Meu corpo falou comigo muitas vezes e de diversas formas e eu não o escutei. Falou por meio de noites insones, cólicas renais, arritmias, hérnias de disco. Mas quando ele gritou por meio de uma ruptura muscular na panturrilha, me obrigando a andar de muletas por um bom período, finalmente acabei por escutá-lo. Lamentei que isso precisasse ocorrer para eu reconhecer que as lentes que me foram úteis durante tanto tempo estavam velhas e desgastadas. Antes, no entanto, uma dificuldade de locomoção temporária do que um problema mais definitivo, se é que me entendem.
Com uma vida nova que ganhei de presente e um mundo novo que emergiu a partir de tantos olhares diferentes, pude reafirmar meu casamento com a área de comunicação, mas nem eu nem ela éramos mais os mesmos. Quando olhei para meus colegas de profissão, por trás dos velhos dilemas Comunicação X RH, Generalista X Especialista, Operacional X Estratégico, era como se cada um deles ou delas também fosse eu. Vi em seus olhos o mesmo desejo de fazer diferença, de dar vazão ao seu talento para realizar um projeto de vida que realmente pudesse ajudar as pessoas no âmbito de sua atuação, ou seja, as organizações. Estavam todos ali, cada um a sua maneira, se perguntando em como ser mais estratégicos. Conectar-me com o brilho em seus olhos fez com que eu me sentisse ainda mais forte e firme em meu propósito de servir a esses parceiros de jornada. “Estamos juntos, esqueci o resto”, dizia Walt Whitman.

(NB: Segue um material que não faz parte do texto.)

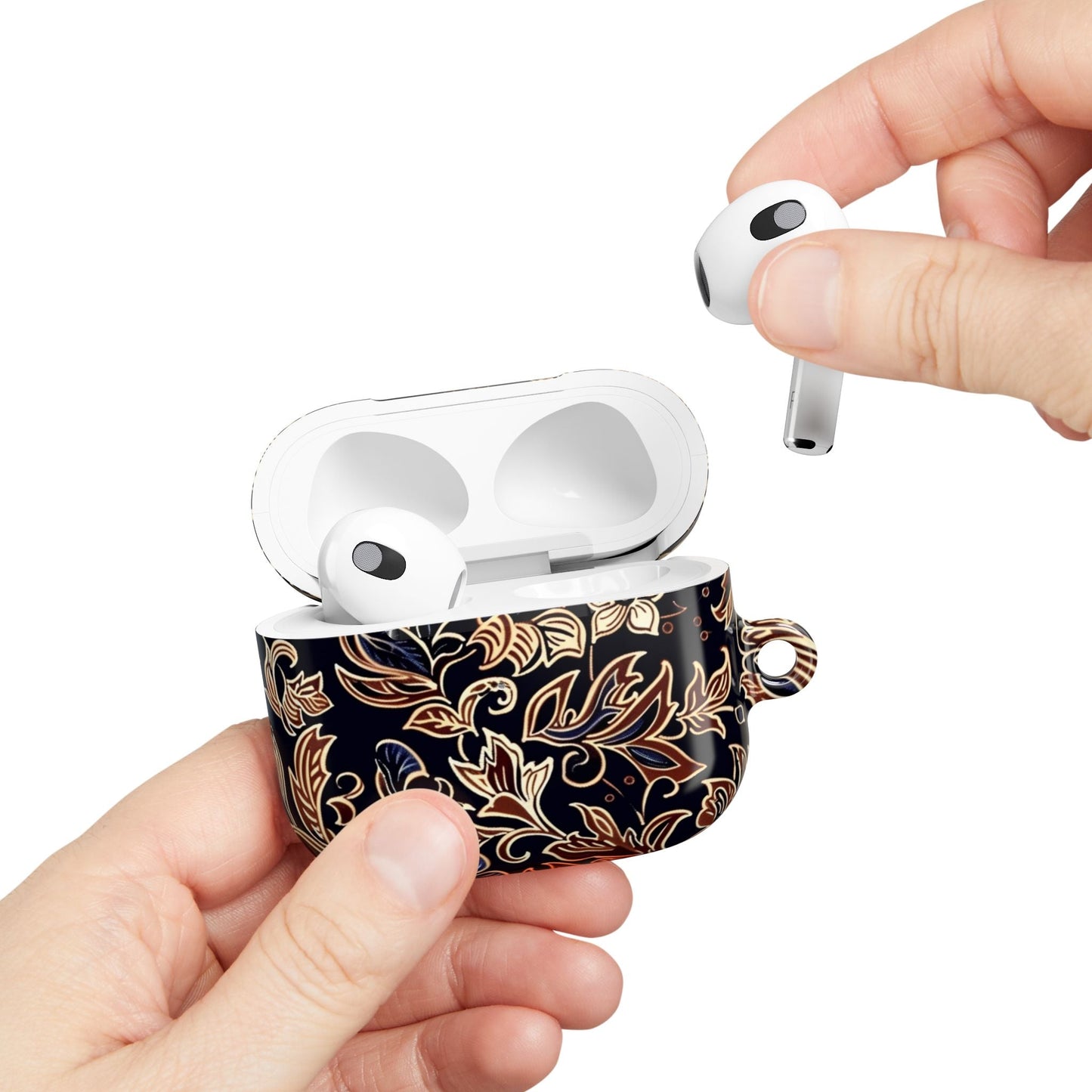 Floral Paisley AirPod Case — Elegant Black & Gold Protective Cover - DIGITAL X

Posso estar enganado, mas, ao longo de uma trajetória que, no ano que vem, estará completando 25 anos, sinto que descobri um caminho que ilumina essa questão de uma forma simples e, ao mesmo tempo, bastante crível.

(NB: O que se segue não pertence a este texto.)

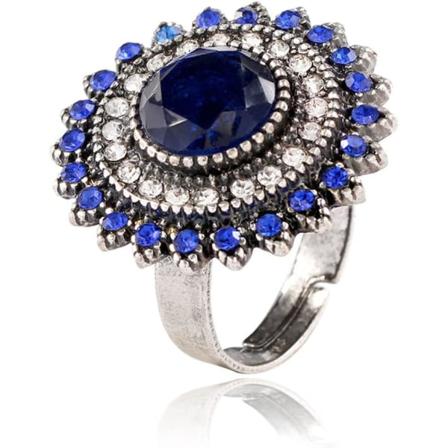 Vintage sininen auringonkukka statement -sormus naisille ja tytöille, antiikkinen pyöreä kristalli paha silmä suoja säädettävä hääjuhlasormus mukava 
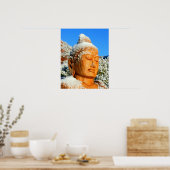 Boeddha-kop in sneeuw poster (Keuken)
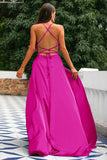A-Line Spaghetti Straps Backless Long Satin Prom Dress with Slit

Partindo do pressuposto de que organizações são, na verdade, comunidades de pessoas que atuam juntas, que cada membro dessa rede traz uma competência ímpar para o sucesso do todo e que, pelo que se pode observar, tem havido uma enorme dificuldade em fazer com que os diferentes talentos conversem para que o resultado coletivo se consolide, não poderia haver função mais nobre e estratégica do que facilitar que essa inteligência coletiva se manifeste e realize sua grande obra. E quem é o candidato natural a ocupar esse posto?

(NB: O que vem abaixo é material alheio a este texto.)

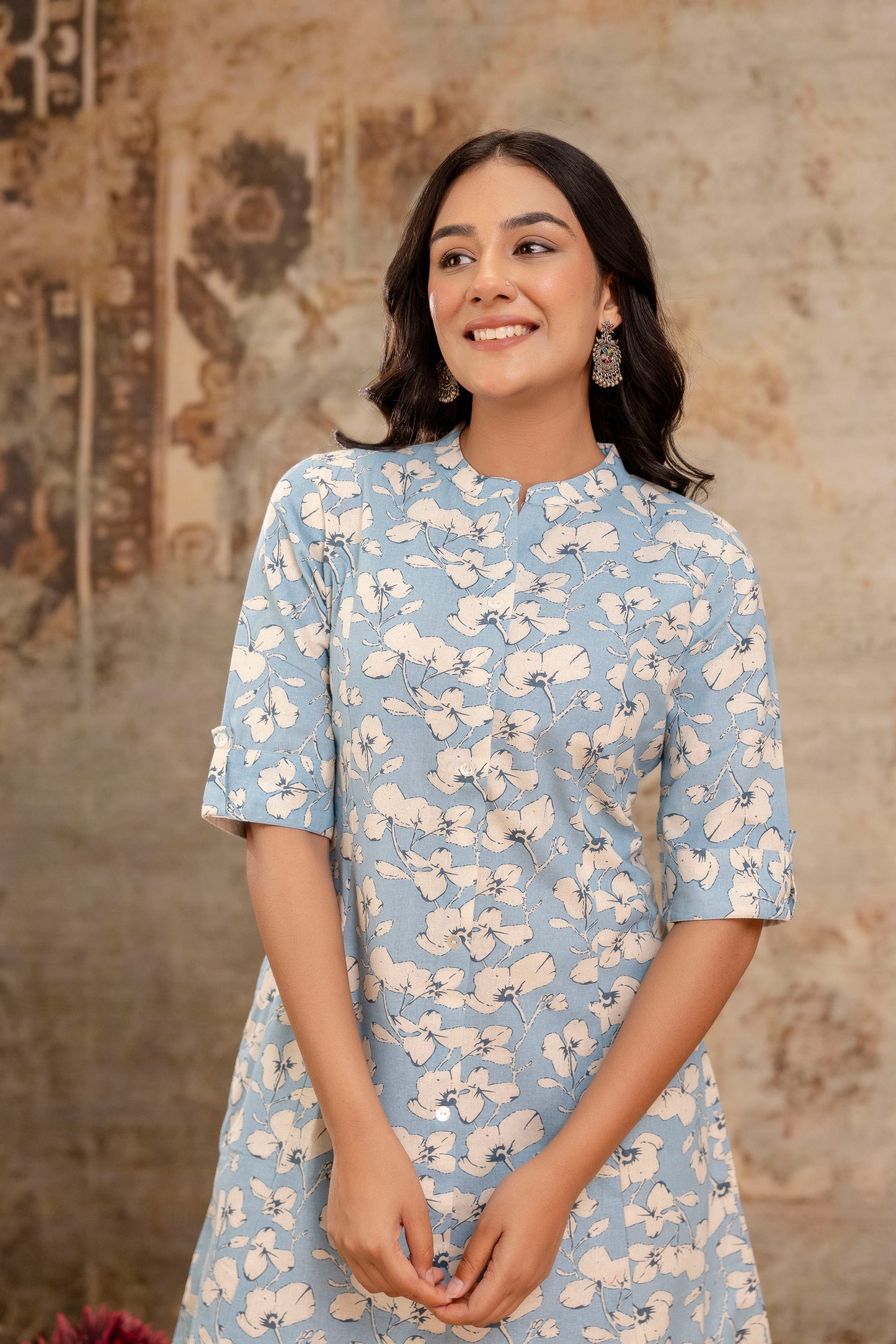 Elegant Off-White Printed A-Line Cotton Kurta with Front Button Detailing - Naticraft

O profissional de comunicação tem tudo para se tornar o maestro da inteligência coletiva de uma organização.
Para isso, nem precisa ser especialista em nenhum instrumento. Sua função é criar o espaço para que os músicos conversem, se escutem e se entendam. Precisa, no entanto, ser mestre em gente, entender como seres humanos funcionam, o que os motiva verdadeiramente, quais seus sonhos e anseios, como operam melhor individualmente e juntos. Esse tipo de aprendizado dificilmente será encontrado nas academias de comunicação, ambiente onde a maioria de nós foi buscar os conhecimentos necessários para atuar como comunicadores. É preciso agradecer por tudo o que os conhecimentos que acumulamos sobre a área fizeram por nós até hoje, mas também é preciso abrir-se para o que ainda não sabemos e que não podemos encontrar nos mesmos lugares que já visitamos.
Essa consciência pode tardar a chegar, mas é inevitável que cada um de nós acabe indo ao encontro de sua própria noite escura, para poder ganhar olhos capazes de enxergar os tesouros que se escondem atrás da fachada de desamor que, um dia, erguemos para nos defender e que, no entanto, nos separaram do amor que tanto necessitamos para viver e do qual nenhuma organização que queira se perpetuar pode abrir mão.
Sobre os conhecimentos necessários para orquestrarmos a inteligência coletiva, Rubem Alves nos dá esse presente que eu costumava carregar como um amuleto enquanto fazia meu caminho pelo desconhecido:“As palavras só têm sentido se nos ajudam a ver o mundo melhor. Aprendemos palavras para melhorar os olhos.” E quando meus olhos passeiam por aí, vejo muitos olhos desejosos de palavras que os iluminem de novo.